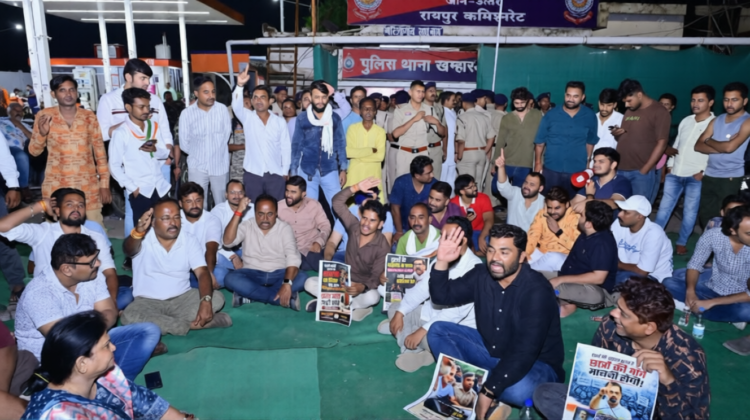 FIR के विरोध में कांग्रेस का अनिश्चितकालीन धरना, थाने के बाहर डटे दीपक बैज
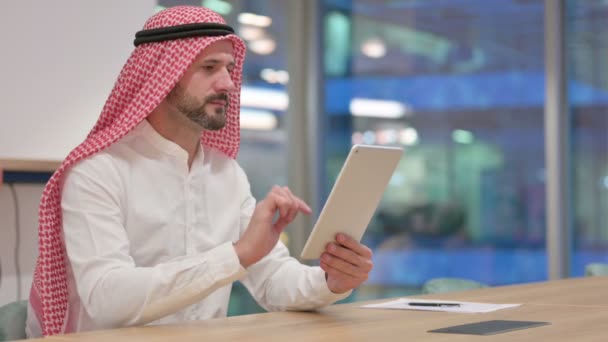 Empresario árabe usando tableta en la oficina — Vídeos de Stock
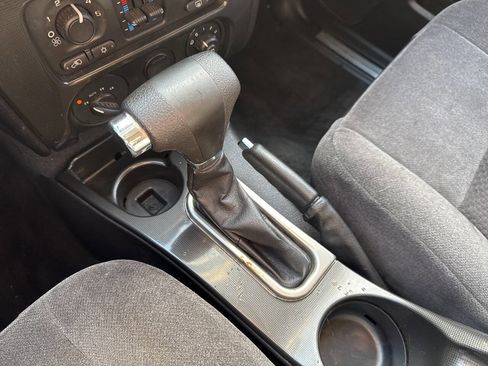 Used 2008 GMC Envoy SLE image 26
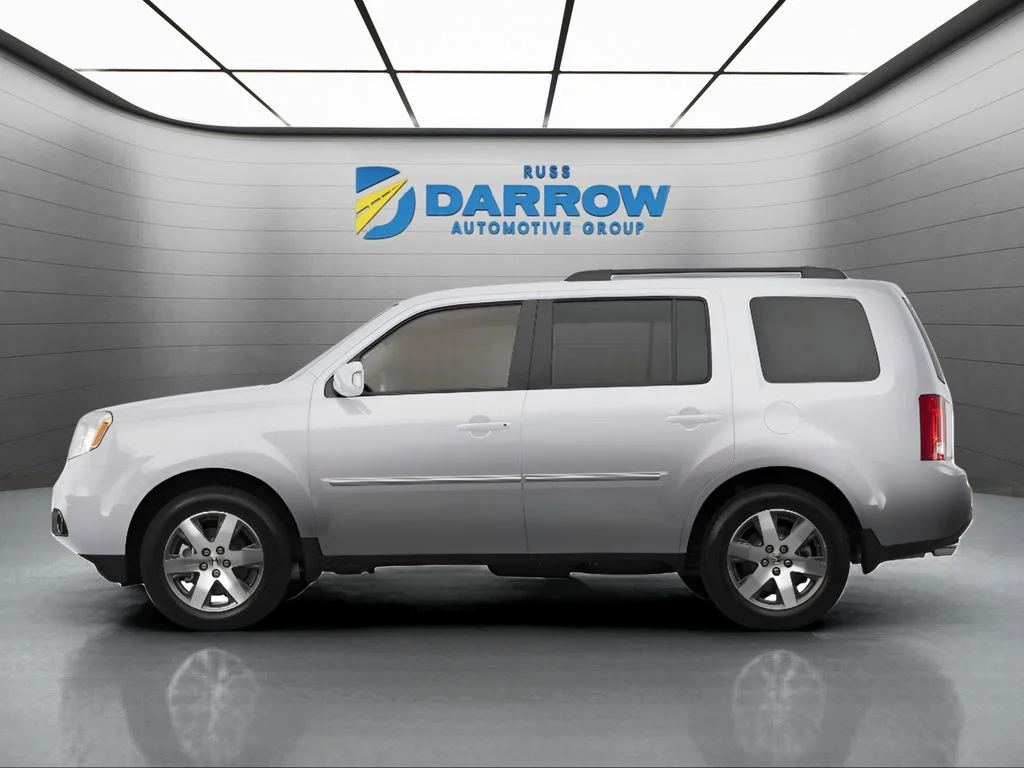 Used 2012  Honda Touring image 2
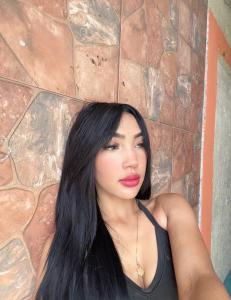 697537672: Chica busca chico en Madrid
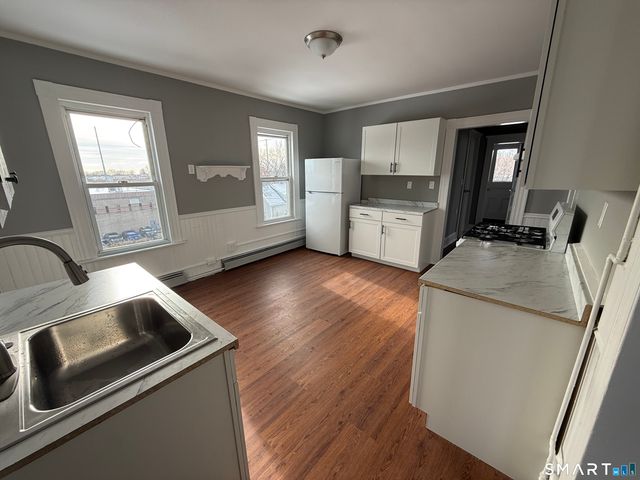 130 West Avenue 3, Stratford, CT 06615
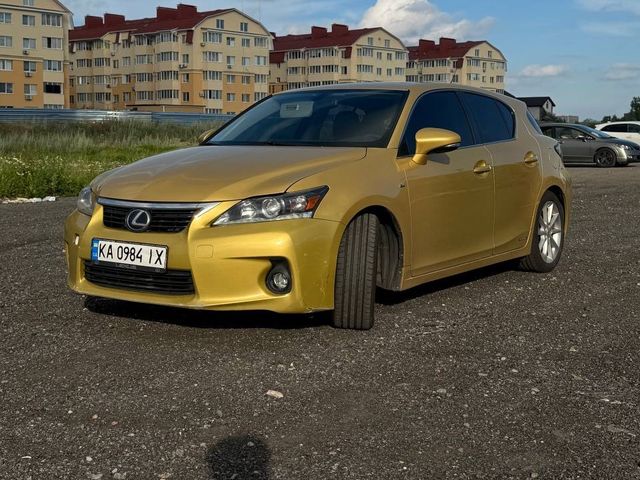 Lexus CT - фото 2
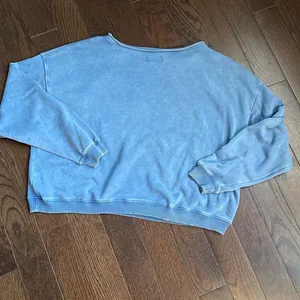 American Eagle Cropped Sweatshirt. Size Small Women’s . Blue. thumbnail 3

= = =

> _Work to complete_: Every entry should be written out word for word, except for its pictures.

> _Response_:
 FIR के विरोध में कांग्रेस का अनिश्चितकालीन धरना, थाने के बाहर डटे दीपक बैज
 Empresario árabe usando tableta en la oficina — Vídeos de Stock
 Used 2008 GMC Envoy SLE image 26
 Used 2012  Honda Touring image 2
 697537672: Chica busca chico en Madrid
 130 West Avenue 3, Stratford, CT 06615
 Lexus CT - фото 2
 American Eagle Cropped Sweatshirt. Size Small Women’s . Blue. thumbnail 3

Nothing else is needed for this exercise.